**Available data**
== Segment start ==
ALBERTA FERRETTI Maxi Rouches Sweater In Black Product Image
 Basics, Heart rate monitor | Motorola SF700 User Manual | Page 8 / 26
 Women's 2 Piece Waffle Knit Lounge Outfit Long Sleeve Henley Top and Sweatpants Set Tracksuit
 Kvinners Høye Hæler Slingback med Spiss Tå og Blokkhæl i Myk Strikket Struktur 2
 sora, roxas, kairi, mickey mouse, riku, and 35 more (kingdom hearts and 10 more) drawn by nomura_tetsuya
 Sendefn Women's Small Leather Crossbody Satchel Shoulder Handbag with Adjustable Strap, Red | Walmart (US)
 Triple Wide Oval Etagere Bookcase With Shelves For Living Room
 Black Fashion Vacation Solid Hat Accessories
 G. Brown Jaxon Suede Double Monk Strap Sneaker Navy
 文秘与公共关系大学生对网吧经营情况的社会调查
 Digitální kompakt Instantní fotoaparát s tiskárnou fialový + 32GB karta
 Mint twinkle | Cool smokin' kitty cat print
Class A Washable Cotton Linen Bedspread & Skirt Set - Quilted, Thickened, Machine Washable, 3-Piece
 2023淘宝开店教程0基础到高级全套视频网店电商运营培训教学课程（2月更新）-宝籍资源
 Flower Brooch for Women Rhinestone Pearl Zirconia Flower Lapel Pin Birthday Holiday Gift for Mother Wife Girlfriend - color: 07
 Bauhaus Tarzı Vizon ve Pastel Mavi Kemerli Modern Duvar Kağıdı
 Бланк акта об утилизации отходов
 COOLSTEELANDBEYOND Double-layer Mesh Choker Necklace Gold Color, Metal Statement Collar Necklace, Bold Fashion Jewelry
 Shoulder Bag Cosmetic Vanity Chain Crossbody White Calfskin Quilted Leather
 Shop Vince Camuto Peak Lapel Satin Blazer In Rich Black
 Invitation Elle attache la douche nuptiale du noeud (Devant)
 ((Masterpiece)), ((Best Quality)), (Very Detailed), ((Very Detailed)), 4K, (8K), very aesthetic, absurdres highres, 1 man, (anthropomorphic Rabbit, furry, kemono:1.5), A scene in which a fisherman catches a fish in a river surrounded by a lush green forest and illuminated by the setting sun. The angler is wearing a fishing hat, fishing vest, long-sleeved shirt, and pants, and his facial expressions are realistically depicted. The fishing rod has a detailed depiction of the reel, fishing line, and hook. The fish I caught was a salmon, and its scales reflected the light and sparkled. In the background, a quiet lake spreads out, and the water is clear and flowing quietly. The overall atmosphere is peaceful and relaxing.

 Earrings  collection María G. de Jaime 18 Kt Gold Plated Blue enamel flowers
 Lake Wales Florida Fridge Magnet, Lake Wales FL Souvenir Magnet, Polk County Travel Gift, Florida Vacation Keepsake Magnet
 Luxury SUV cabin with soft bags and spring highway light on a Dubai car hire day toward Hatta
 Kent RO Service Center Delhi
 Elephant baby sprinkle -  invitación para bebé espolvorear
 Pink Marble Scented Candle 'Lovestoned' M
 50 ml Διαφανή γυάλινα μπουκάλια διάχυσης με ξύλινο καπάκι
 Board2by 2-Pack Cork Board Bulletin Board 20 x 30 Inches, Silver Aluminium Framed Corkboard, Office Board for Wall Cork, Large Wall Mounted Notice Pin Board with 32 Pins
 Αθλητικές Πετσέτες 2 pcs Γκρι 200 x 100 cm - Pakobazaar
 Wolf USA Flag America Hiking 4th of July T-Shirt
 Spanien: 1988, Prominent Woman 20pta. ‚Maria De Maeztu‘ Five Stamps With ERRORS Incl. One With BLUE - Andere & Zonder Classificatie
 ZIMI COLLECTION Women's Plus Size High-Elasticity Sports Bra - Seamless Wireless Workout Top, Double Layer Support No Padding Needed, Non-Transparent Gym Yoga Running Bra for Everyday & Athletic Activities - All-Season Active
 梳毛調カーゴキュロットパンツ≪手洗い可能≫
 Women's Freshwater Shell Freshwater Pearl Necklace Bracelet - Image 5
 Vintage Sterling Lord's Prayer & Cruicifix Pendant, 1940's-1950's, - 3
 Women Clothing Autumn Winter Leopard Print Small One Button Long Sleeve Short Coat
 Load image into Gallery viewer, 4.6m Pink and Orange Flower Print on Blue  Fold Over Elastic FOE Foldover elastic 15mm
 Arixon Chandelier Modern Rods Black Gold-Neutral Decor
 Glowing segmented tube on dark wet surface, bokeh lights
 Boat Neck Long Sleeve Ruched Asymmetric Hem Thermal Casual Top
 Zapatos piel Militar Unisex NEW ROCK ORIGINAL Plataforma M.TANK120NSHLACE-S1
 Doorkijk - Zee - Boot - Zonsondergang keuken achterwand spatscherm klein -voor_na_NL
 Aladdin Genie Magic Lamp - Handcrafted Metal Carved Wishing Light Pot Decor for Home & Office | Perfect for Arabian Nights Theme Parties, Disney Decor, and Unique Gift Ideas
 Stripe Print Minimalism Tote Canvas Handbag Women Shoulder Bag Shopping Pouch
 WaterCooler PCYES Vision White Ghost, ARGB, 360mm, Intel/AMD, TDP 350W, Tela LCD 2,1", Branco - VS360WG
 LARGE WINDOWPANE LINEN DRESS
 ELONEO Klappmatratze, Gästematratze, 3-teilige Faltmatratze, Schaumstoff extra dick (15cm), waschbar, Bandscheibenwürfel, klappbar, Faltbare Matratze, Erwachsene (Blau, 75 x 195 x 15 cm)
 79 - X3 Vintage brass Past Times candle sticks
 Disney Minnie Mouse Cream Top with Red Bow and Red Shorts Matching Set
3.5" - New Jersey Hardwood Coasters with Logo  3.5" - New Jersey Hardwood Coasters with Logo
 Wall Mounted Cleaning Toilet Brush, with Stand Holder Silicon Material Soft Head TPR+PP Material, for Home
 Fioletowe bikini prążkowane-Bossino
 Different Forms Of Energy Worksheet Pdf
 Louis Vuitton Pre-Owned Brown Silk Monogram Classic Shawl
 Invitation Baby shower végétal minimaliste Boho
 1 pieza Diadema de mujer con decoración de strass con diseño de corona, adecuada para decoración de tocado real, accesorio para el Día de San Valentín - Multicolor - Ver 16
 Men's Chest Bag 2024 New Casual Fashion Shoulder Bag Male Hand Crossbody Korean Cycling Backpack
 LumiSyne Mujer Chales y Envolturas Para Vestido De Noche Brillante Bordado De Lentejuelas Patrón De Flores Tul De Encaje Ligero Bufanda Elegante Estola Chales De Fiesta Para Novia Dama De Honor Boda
== Segment end ==
Repeat the whole listing exactly, line for line.

ALBERTA FERRETTI Maxi Rouches Sweater In Black Product Image
 Basics, Heart rate monitor | Motorola SF700 User Manual | Page 8 / 26
 Women's 2 Piece Waffle Knit Lounge Outfit Long Sleeve Henley Top and Sweatpants Set Tracksuit
 Kvinners Høye Hæler Slingback med Spiss Tå og Blokkhæl i Myk Strikket Struktur 2
 sora, roxas, kairi, mickey mouse, riku, and 35 more (kingdom hearts and 10 more) drawn by nomura_tetsuya
 Sendefn Women's Small Leather Crossbody Satchel Shoulder Handbag with Adjustable Strap, Red | Walmart (US)
 Triple Wide Oval Etagere Bookcase With Shelves For Living Room
 Black Fashion Vacation Solid Hat Accessories
 G. Brown Jaxon Suede Double Monk Strap Sneaker Navy
 文秘与公共关系大学生对网吧经营情况的社会调查
 Digitální kompakt Instantní fotoaparát s tiskárnou fialový + 32GB karta
 Mint twinkle | Cool smokin' kitty cat print
Class A Washable Cotton Linen Bedspread & Skirt Set - Quilted, Thickened, Machine Washable, 3-Piece
 2023淘宝开店教程0基础到高级全套视频网店电商运营培训教学课程（2月更新）-宝籍资源
 Flower Brooch for Women Rhinestone Pearl Zirconia Flower Lapel Pin Birthday Holiday Gift for Mother Wife Girlfriend - color: 07
 Bauhaus Tarzı Vizon ve Pastel Mavi Kemerli Modern Duvar Kağıdı
 Бланк акта об утилизации отходов
 COOLSTEELANDBEYOND Double-layer Mesh Choker Necklace Gold Color, Metal Statement Collar Necklace, Bold Fashion Jewelry
 Shoulder Bag Cosmetic Vanity Chain Crossbody White Calfskin Quilted Leather
 Shop Vince Camuto Peak Lapel Satin Blazer In Rich Black
 Invitation Elle attache la douche nuptiale du noeud (Devant)
 ((Masterpiece)), ((Best Quality)), (Very Detailed), ((Very Detailed)), 4K, (8K), very aesthetic, absurdres highres, 1 man, (anthropomorphic Rabbit, furry, kemono:1.5), A scene in which a fisherman catches a fish in a river surrounded by a lush green forest and illuminated by the setting sun. The angler is wearing a fishing hat, fishing vest, long-sleeved shirt, and pants, and his facial expressions are realistically depicted. The fishing rod has a detailed depiction of the reel, fishing line, and hook. The fish I caught was a salmon, and its scales reflected the light and sparkled. In the background, a quiet lake spreads out, and the water is clear and flowing quietly. The overall atmosphere is peaceful and relaxing.

 Earrings  collection María G. de Jaime 18 Kt Gold Plated Blue enamel flowers
 Lake Wales Florida Fridge Magnet, Lake Wales FL Souvenir Magnet, Polk County Travel Gift, Florida Vacation Keepsake Magnet
 Luxury SUV cabin with soft bags and spring highway light on a Dubai car hire day toward Hatta
 Kent RO Service Center Delhi
 Elephant baby sprinkle -  invitación para bebé espolvorear
 Pink Marble Scented Candle 'Lovestoned' M
 50 ml Διαφανή γυάλινα μπουκάλια διάχυσης με ξύλινο καπάκι
 Board2by 2-Pack Cork Board Bulletin Board 20 x 30 Inches, Silver Aluminium Framed Corkboard, Office Board for Wall Cork, Large Wall Mounted Notice Pin Board with 32 Pins
 Αθλητικές Πετσέτες 2 pcs Γκρι 200 x 100 cm - Pakobazaar
 Wolf USA Flag America Hiking 4th of July T-Shirt
 Spanien: 1988, Prominent Woman 20pta. ‚Maria De Maeztu‘ Five Stamps With ERRORS Incl. One With BLUE - Andere & Zonder Classificatie
 ZIMI COLLECTION Women's Plus Size High-Elasticity Sports Bra - Seamless Wireless Workout Top, Double Layer Support No Padding Needed, Non-Transparent Gym Yoga Running Bra for Everyday & Athletic Activities - All-Season Active
 梳毛調カーゴキュロットパンツ≪手洗い可能≫
 Women's Freshwater Shell Freshwater Pearl Necklace Bracelet - Image 5
 Vintage Sterling Lord's Prayer & Cruicifix Pendant, 1940's-1950's, - 3
 Women Clothing Autumn Winter Leopard Print Small One Button Long Sleeve Short Coat
 Load image into Gallery viewer, 4.6m Pink and Orange Flower Print on Blue  Fold Over Elastic FOE Foldover elastic 15mm
 Arixon Chandelier Modern Rods Black Gold-Neutral Decor
 Glowing segmented tube on dark wet surface, bokeh lights
 Boat Neck Long Sleeve Ruched Asymmetric Hem Thermal Casual Top
 Zapatos piel Militar Unisex NEW ROCK ORIGINAL Plataforma M.TANK120NSHLACE-S1
 Doorkijk - Zee - Boot - Zonsondergang keuken achterwand spatscherm klein -voor_na_NL
 Aladdin Genie Magic Lamp - Handcrafted Metal Carved Wishing Light Pot Decor for Home & Office | Perfect for Arabian Nights Theme Parties, Disney Decor, and Unique Gift Ideas
 Stripe Print Minimalism Tote Canvas Handbag Women Shoulder Bag Shopping Pouch
 WaterCooler PCYES Vision White Ghost, ARGB, 360mm, Intel/AMD, TDP 350W, Tela LCD 2,1", Branco - VS360WG
 LARGE WINDOWPANE LINEN DRESS
 ELONEO Klappmatratze, Gästematratze, 3-teilige Faltmatratze, Schaumstoff extra dick (15cm), waschbar, Bandscheibenwürfel, klappbar, Faltbare Matratze, Erwachsene (Blau, 75 x 195 x 15 cm)
 79 - X3 Vintage brass Past Times candle sticks
 Disney Minnie Mouse Cream Top with Red Bow and Red Shorts Matching Set
3.5" - New Jersey Hardwood Coasters with Logo  3.5" - New Jersey Hardwood Coasters with Logo
 Wall Mounted Cleaning Toilet Brush, with Stand Holder Silicon Material Soft Head TPR+PP Material, for Home
 Fioletowe bikini prążkowane-Bossino
 Different Forms Of Energy Worksheet Pdf
 Louis Vuitton Pre-Owned Brown Silk Monogram Classic Shawl
 Invitation Baby shower végétal minimaliste Boho
 1 pieza Diadema de mujer con decoración de strass con diseño de corona, adecuada para decoración de tocado real, accesorio para el Día de San Valentín - Multicolor - Ver 16
 Men's Chest Bag 2024 New Casual Fashion Shoulder Bag Male Hand Crossbody Korean Cycling Backpack
 LumiSyne Mujer Chales y Envolturas Para Vestido De Noche Brillante Bordado De Lentejuelas Patrón De Flores Tul De Encaje Ligero Bufanda Elegante Estola Chales De Fiesta Para Novia Dama De Honor Boda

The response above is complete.